This code appears to be part of an Android ViewModel class in Kotlin or Java, specifically designed for language identification. Let’s break down the key components:

private val language = MutableLiveData<List<IdentifiedLanguage>?>(): This creates a MutableLiveData instance to hold a list of identified languages (IdentifiedLanguage). The use of MutableLiveData suggests that the data can be updated over time.

val languageData: LiveData<List<IdentifiedLanguage>?> get() = language: This is a public property exposing a LiveData view of the MutableLiveData. This is often used to observe changes in the data from UI components, ensuring that the UI stays updated based on changes in the underlying data.

private val languageIdentifier = LanguageIdentification.getClient(...): This initializes a LanguageIdentification client using LanguageIdentificationOptions with a confidence threshold of 0.2. This client is likely responsible for identifying languages based on the provided text.

  • fun processIdentification(identificationText: String): This function takes a text input and uses the languageIdentifier to identify possible languages.
  • It utilizes the addOnSuccessListener to handle the successful identification, updating the language MutableLiveData with the identified languages.
  • If there’s a failure during language identification, it sets the language to null, logs an error, and throws an exception.
class LanguageIdentificationViewModel : ViewModel() {

private val language = MutableLiveData< List<IdentifiedLanguage>?>()
val languageData : LiveData<List<IdentifiedLanguage>?>
get() = language

private val languageIdentifier = LanguageIdentification
.getClient(
LanguageIdentificationOptions.Builder().setConfidenceThreshold(0.2f).build()
)

fun processIdentification(identificationText: String) {
languageIdentifier.identifyPossibleLanguages(identificationText)
.addOnSuccessListener { identifiedLanguages ->
language.postValue(identifiedLanguages)
}
.addOnFailureListener {
language.postValue(null)
Log.e(TAG, it.message.toString())
throw Exception(it.message.toString())
}
}

companion object {
private val TAG = LanguageIdentificationViewModel::class.java.simpleName.toString()
}
}

Fragment

The LanguageIdentificationFragment is an Android Fragment responsible for language identification in an app. Key features include:

Utilizes view binding to interact with UI elements.
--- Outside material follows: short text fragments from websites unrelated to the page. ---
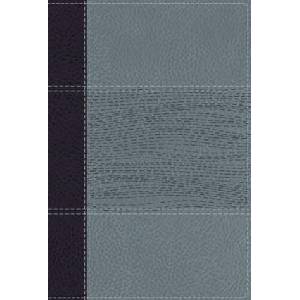 NIV Study Bible, Fully Revised Edition, Personal Size, Leathersoft, Navy/Blue, Red Letter, Comfort Print | Mark L. Strauss, Jeannine K. Brown (ISBN: 9780310449140)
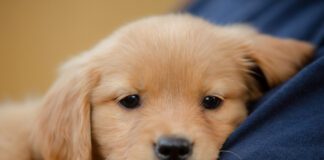 Puppy flea treatments are important because puppies are more vulnerable to fleas, and to the diseases they carry.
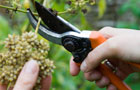 Secateurs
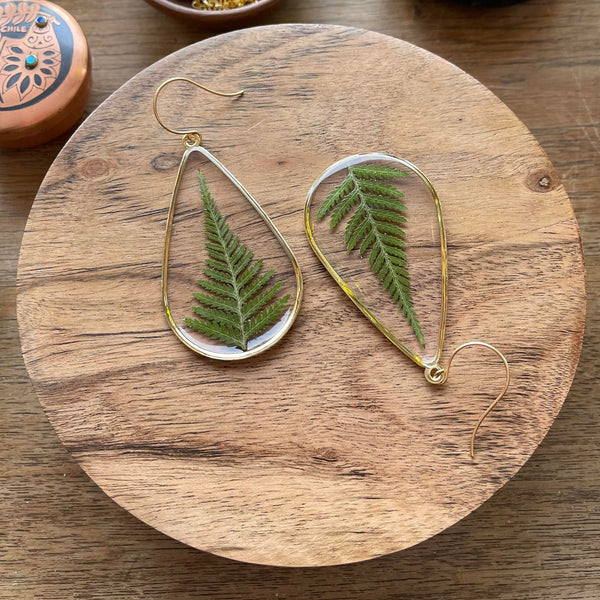 Teardrop Fern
  • Instantiates a LanguageIdentificationViewModel using the viewModels() delegate, facilitating communication between the UI and business logic.
  • Inflates the layout in onCreateView and sets up UI interactions in onViewCreated.
  • The “Identify Language” button triggers language identification with error handling.
  • Monitors changes in textViewLanguage and adjusts the visibility of buttonLanguageCopy accordingly.
  • Uses the ViewModel to identify languages based on the entered text.
  • Updates the UI with identified languages, displaying English name, native script, and confidence level.
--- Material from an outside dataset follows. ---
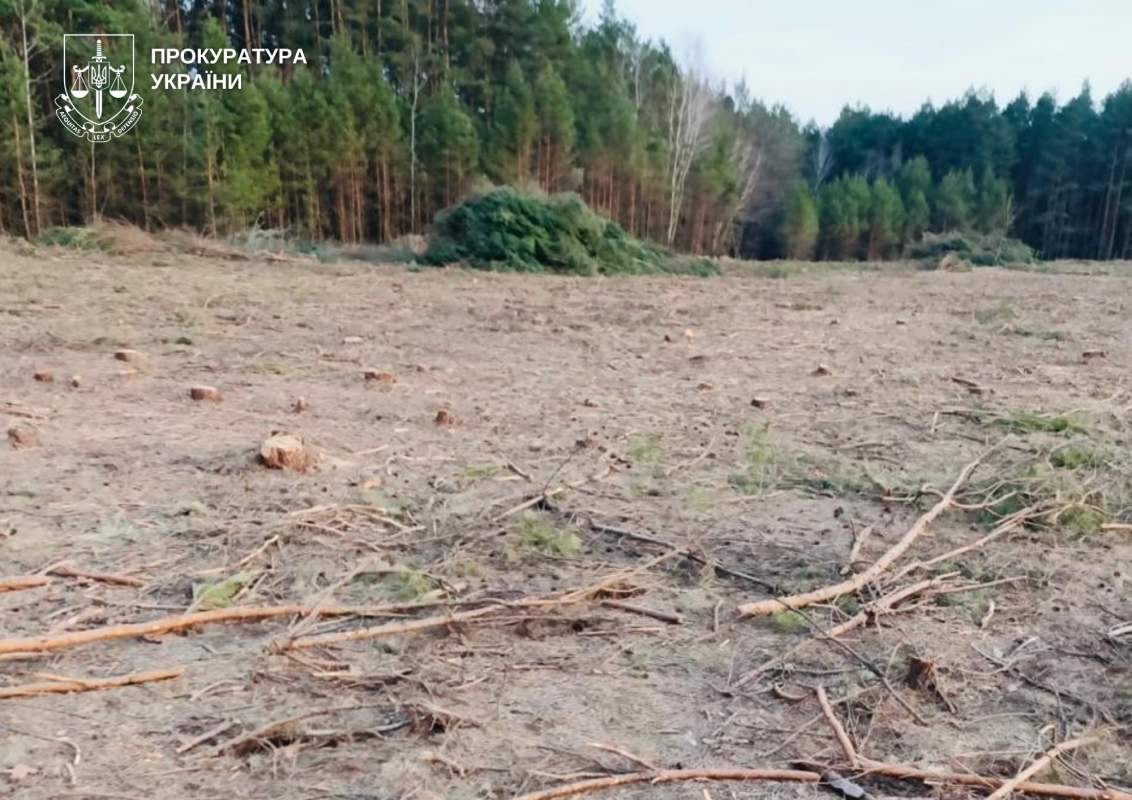 На Волині очільницю громади підозрюють у сприянні вирубки лісу на 3 мільйони гривень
Implements a function to copy identified language information to the clipboard.

  • Displays a toast message upon successful copying.
  • Takes care of view destruction in onDestroyView.

Logs language identification information, including language tags and confidence levels.

This fragment plays a crucial role in integrating language identification functionality into the app’s user interface.

class LanguageIdentificationFragment : Fragment() {

private var _binding: FragmentLanguageIdentificationBinding? = null
private val binding get() = _binding!!

private val viewModel: LanguageIdentificationViewModel by viewModels()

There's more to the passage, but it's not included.